Pressure Mounts On Iraq's Maliki To Step Down


----------



## Siete (Aug 14, 2014)

deltex1 said:


> Fox says Maliki will step down and concede peacefully to his successor.
> 
> Man that W was a genius...
> 
> ...




Genius ... 140$ BILLION DOLLARS FOR A PURPLE THUMB AND THE ABILITY FOR CITIZENS TO VOTE AND THE GUY IS STEPPING DOWN PEACEFULLY ?

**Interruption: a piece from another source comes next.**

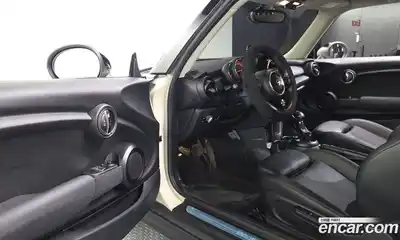 Mini Cooper 2018 1.5 гидро в Москве № 1293364, миниатюра 10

BRILLIANT !!!!!!!!!!!!!!!!


----------



## PaintMyHouse (Aug 14, 2014)

Democracy in Iraq?  Almost as dumb an idea as democracy anywhere else in the Middle East...


----------



## deltex1 (Aug 14, 2014)

Siete said:


> deltex1 said:
> 
> 
> > Fox says Maliki will step down and concede peacefully to his successor.
> ...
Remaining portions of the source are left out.